For three years, Bryan Weaver has been elected chair of the Adams Morgan advisory neighborhood commission. That run came to an end on Jan. 6, when he lost his re-election bid by a 4-2 vote of his fellow commissioners.
Now LL doesn’t delve too often into such parochial affairs, but this particular internecine feud carries greater significance: Weaver is currently exploring a run against his councilmember, Ward 1’s Jim Graham. And replacing him as chair is Wilson Reynolds, whose day job happens to be as Graham’s constituent affairs director.
So did Boss Graham execute a ruthless power move to force a key neighborhood critic to the margins?
If so, he covered his tracks well. Graham’s spokesperson, Brian DeBose, says that “no one knew” about the move until the meeting. Reynolds says “absolutely not,” and a fellow commissioner, Nancy Shia, says that Graham had “nothing to do” with the ANC vote.

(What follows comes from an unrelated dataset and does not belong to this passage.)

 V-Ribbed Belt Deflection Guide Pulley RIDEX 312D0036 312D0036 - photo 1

Not directly, anyway: “It hurt the commission for the chairman…to have such a contentious relationship with the councilmember. That happened long before he decided to run,” Shia says. “I believe in Rodney King: Why can’t we all just get along?”
Add to that some communications issues, she says: “Why did they think it was OK to win an election without asking anyone to vote for them?”

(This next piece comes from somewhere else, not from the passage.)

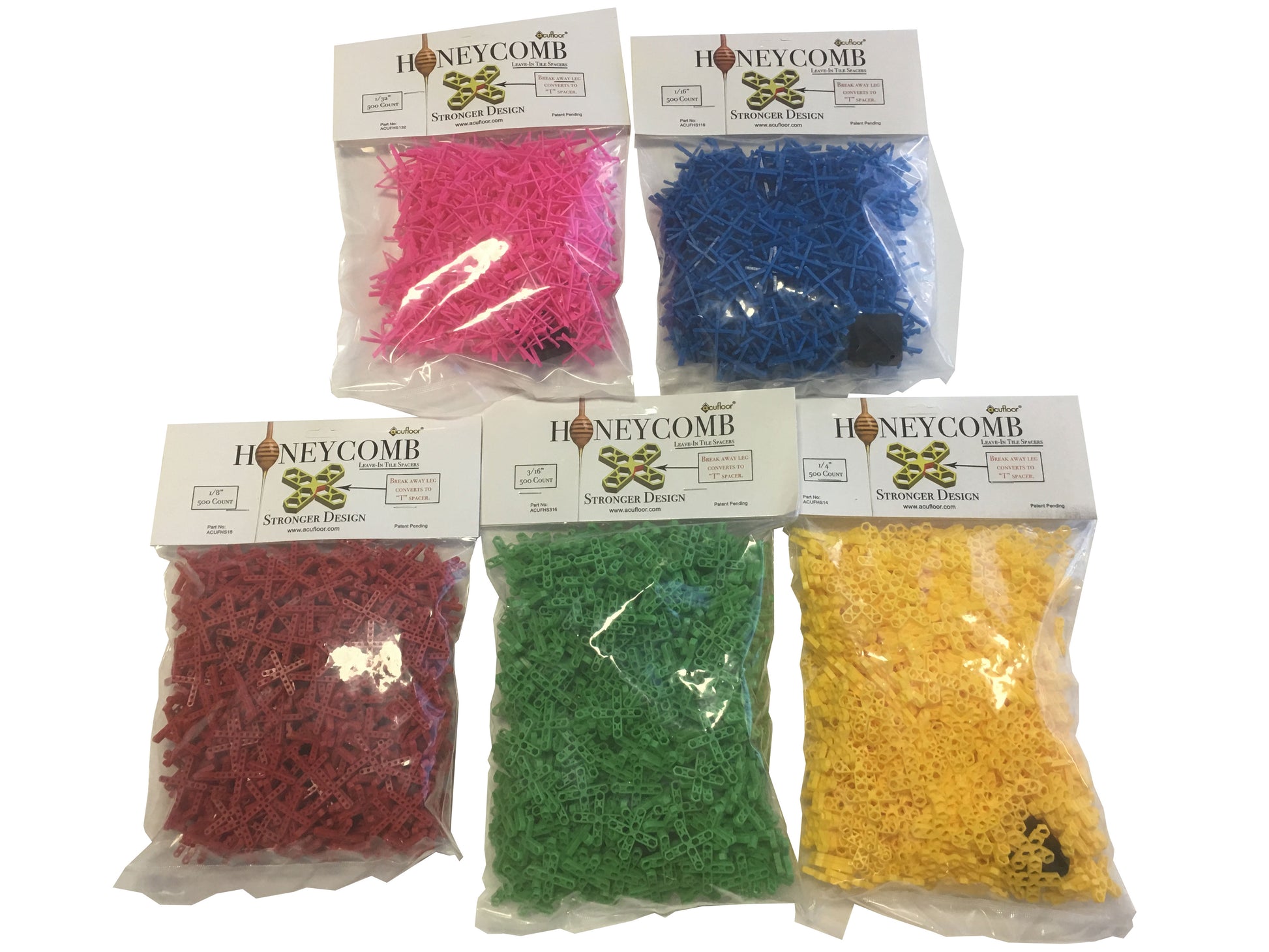 3/16" Honeycomb Spacers (500 ct Bag) - Acufloor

Weaver says he may not have actively solicited his colleagues’ votes, but he says none of the members mentioned any dissatisfaction with his continued tenure. He admits he charged hard and “was not the easiest of chairs to get along with,” but stands on his record of stepping up the commission’s activism and cleaning up its books (no small feat in ANC-dom).
Not enough for Reynolds, Shia, and two other commissioners (all listed as Graham supporters on his campaign literature), who plotted an ambush. Weaver and his vice chair, Mindy Moretti, found out about their plan to unseat them not more than five minutes before the meeting began.
Though Weaver realized he didn’t have the votes, he went through with the roll call anyway. “I thought I would give them a certain amount of satisfaction in knocking me off and let them know that I’m not fazed by it,” he explains.